Si l'album a beau s'appeler The Marshall Mathers LP, c'est pourtant Slim Shady, son double maléfique qui nous accueille, soufflant à un annonceur de passage, comme s'il se cachait derrière lui, que nous pouvons bien tous aller nous faire foutre et qu'on s'est bien fait enfler en achetant son disque. Belle entrée en matière...
Ce sera certainement la moindre des provocations d'Eminem qui, dès Kill You, entretiendra cette ambivalence de manière quasi constante. Car ici, s'il ne faut pas faire chier Shady, si ce sont ses mots, volontiers orduriers et ultra violents, c'est la fureur de Marshall qui irrigue la chanson, dans un cri de colère tournée contre sa mère et qui ne restera pas sans lendemain dans son album suivant, The Eminem Show.

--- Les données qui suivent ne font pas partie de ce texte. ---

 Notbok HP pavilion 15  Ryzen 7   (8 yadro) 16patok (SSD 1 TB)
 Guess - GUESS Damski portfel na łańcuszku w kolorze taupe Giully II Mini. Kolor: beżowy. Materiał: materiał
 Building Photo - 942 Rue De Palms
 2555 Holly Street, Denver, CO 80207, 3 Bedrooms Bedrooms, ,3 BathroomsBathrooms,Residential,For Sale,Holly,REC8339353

C'est que Marshall Mathers, finalement, délivre ses plus belles chansons quand il parle de ce qu'il connaît le mieux : lui même et ses démons.

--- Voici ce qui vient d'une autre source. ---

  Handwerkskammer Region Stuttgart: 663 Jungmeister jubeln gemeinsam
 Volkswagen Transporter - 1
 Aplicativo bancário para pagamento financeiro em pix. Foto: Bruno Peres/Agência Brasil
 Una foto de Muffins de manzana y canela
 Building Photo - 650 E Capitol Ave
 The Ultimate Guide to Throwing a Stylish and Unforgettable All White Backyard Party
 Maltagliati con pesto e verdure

La première preuve en est sans doute Stan, qui développe une relation épistolaire à sens unique avec son idole. Symbole du fan acquis à sa cause et qui malheureusement s'enfonce peu à peu dans son propre trouble et son identification malsaine, Eminem fait de l'impact du star system un rap désespéré que la feature de Dido contribue à rendre un peu plus triste encore, et sans doute tiré d'un fond de vérité. Fait divers authentique ou non, Stan se dessine comme le premier sommet de l'album.

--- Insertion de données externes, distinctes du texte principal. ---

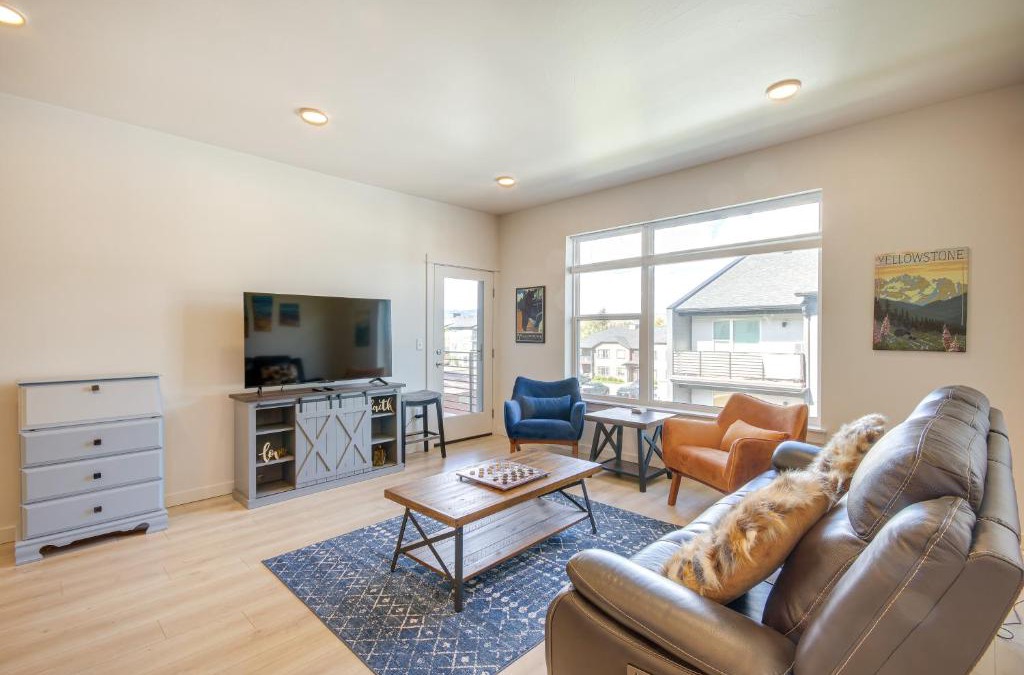 Livingston Apartment | Modern Livingston Condo Near Yellowstone River!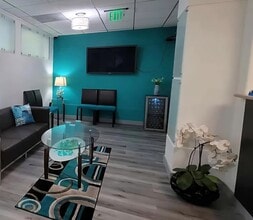 16260 Ventura Blvd, Encino, CA à louer Photo intérieure– Image 1 sur 3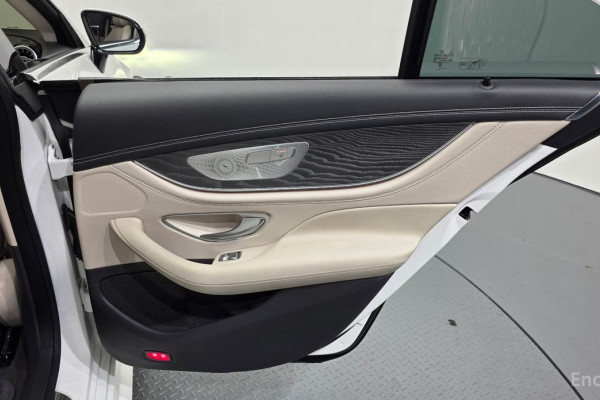 2023 Mercedes-Benz CLS с пробегом 27 599 км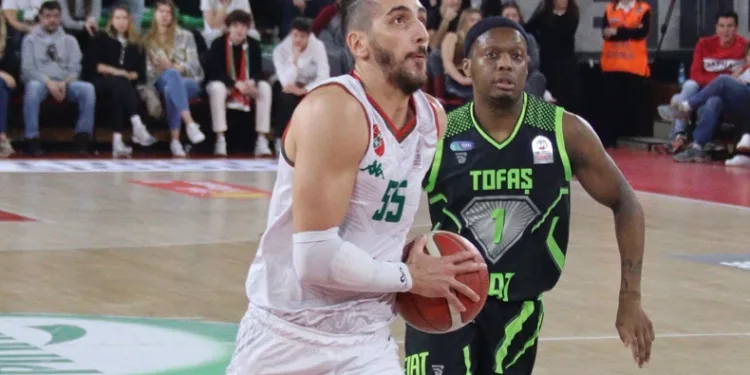 Kenan Sipahi, bir yıl daha Karşıyaka’da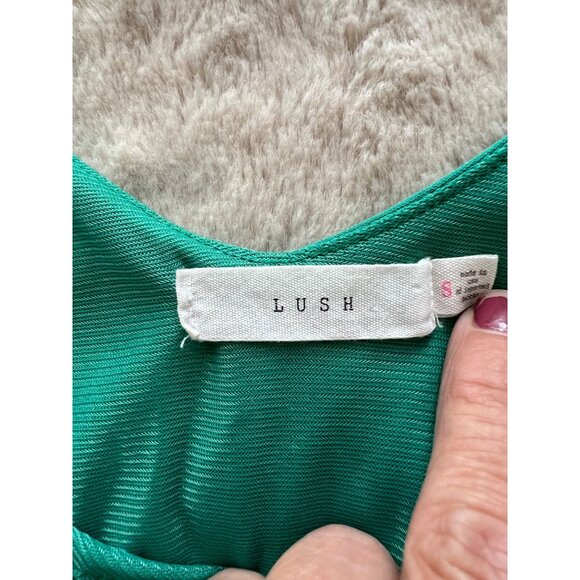 Lush Green Sleeveless Romper With V-Neck & Spaghetti Straps Size S - Picture 6 of 7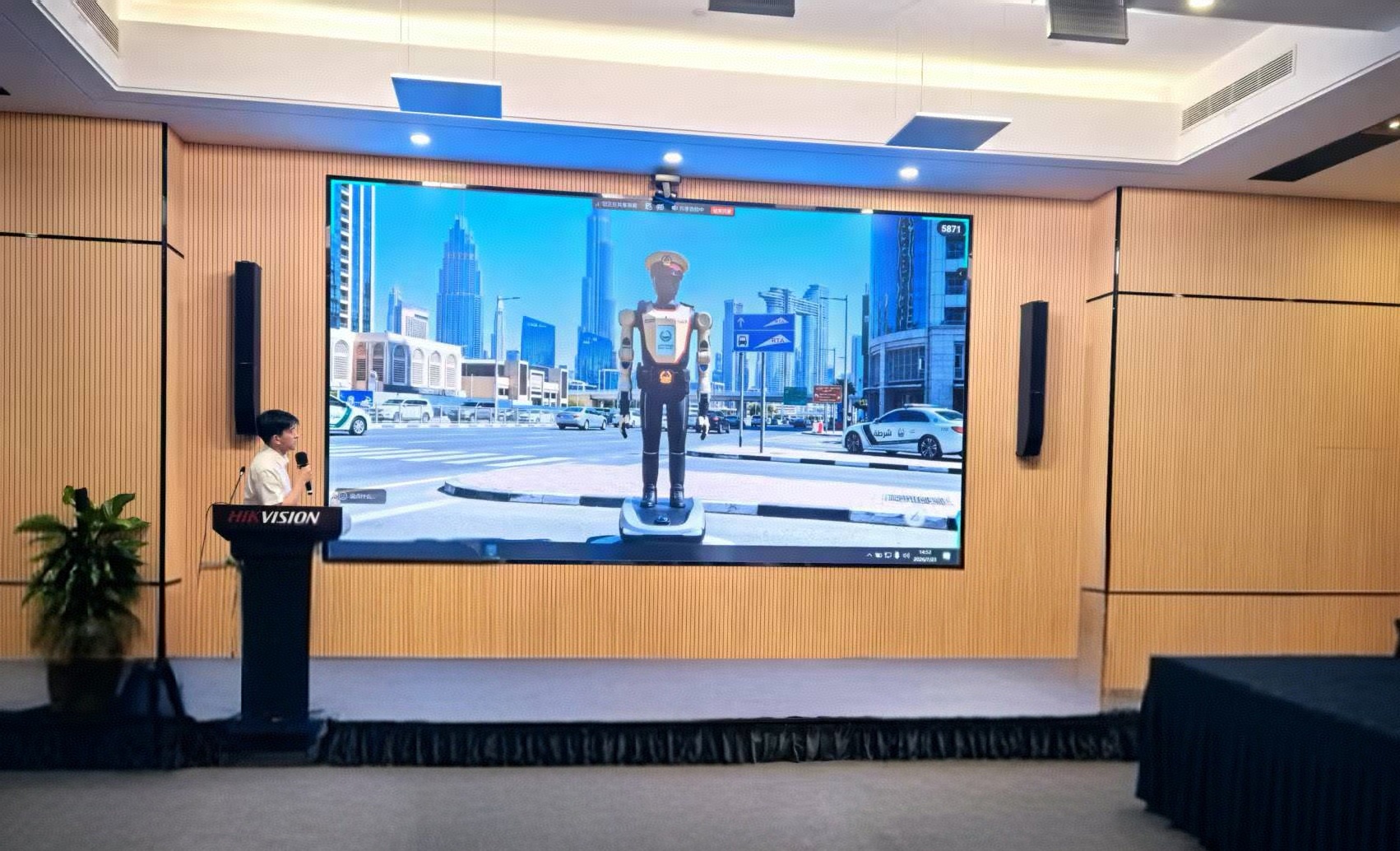 Hangzhou robotics companies showcase their tech at the China-UAE matchmaking event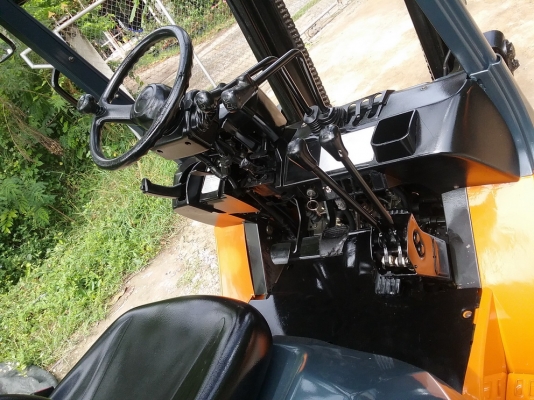 ด่วนFORKLIFTรุ่นใหม่TOYOTAรุ่น7FG25เสาสูง4เมตรขนาด2.5ตันสภาพสวยใช้งานได้ดี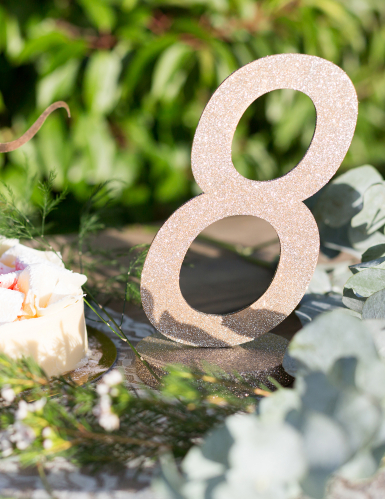 Centre de table chiffre 8 bois pailleté champagne 20 cm décoration fête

Jusqu'à ce que les quelques secondes de la berceuse qui ouvre Kim ne s'élèvent, prélude à un véritable déferlement de violence ininterrompue contre la mère de sa fille. Etranglé d'une colère inextinguible touchant à la rage incontrôlable, Kim se révèle aussi un grand cri d'amour dévoyé, dénaturé par la jalousie, la perte et la volonté de (s'auto) détruire au terme d'une balade nocturne sans retour. Tout aussi effrayant qu'émouvant, Eminem semble envisager ce morceau comme une véritable snuff song, une véritable catharsis de ses pulsions meurtrières hurlées à la face de son public, sans retenue et sans pudeur.
Amityville joue sur le même sombre registre de l'horreur. Shady est cette fois-ci à la baguette, relatant les pires tortures et les règlements de comptes au coeur du ghetto dans un rire sardonique, le calibre à la main, version noire d'encre d'un Remember Me entamé au bruit des bombes de peinture et des tags, ou encore de Bitch Please II dont la rythmique ensorcelle et les différentes participations exaltent.
Mais se focaliser sur ces quelques morceaux serait faire l'impasse sur la provocation d'Eminem et de ses titres qu'il laisse à son alter ego pour tirer à peu près sur tout ce qui bouge. Ironie mordante, victimes récurrentes, mauvais esprit, cynisme, sarcasmes, The Real Slim Shady se présente comme la quintessence de son registre, où Slim Shady se dessine pleinement comme le mauvais génie de Marshall. Un sale gosse décalé et intenable, symbole de ses débordements, qui semble causer à tort et à travers dans un dédoublement de personnalité lui permettant de proprement jeter aux orties et piétiner le filtre du politiquement correct.
Jusqu'à ce que, à l'occasion du morceau Marshall Mathers il passe le témoin au rappeur blanc, qui chante comme les noirs et s'approprie leur propre style musical, comme Elvis l'avait fait avant lui. Plus besoin de faire parler son doppelganger. Marshall crache ses rimes, tranche les critiques des arrêtes vives de ses textes en forme de diamant brut, suintant de son dégoût et tournant au règlement de comptes musical poétique aussi inspiré qu'ordurier.
Tournant en ridicule ses pourfendeurs, sans dieu ni maître quand il signe Slim, si émouvant, parfois fragile quand Marshall prend le micro, Eminem signe avec The Marshall Mathers LP l'un des tonitruants sommets de sa carrière. Car quelque soit son personnage, ses rythmes sont toujours aussi insolents et jouissifs, son sens du mot, qui tombe comme un couperet, puissant. Tandis qu'à chaque nouvelle écoute, je continue à passer par tout le spectre des émotions brutes qui animent l'artiste.
Behind_the_Mask, en plein dé-rap-age contrôlé.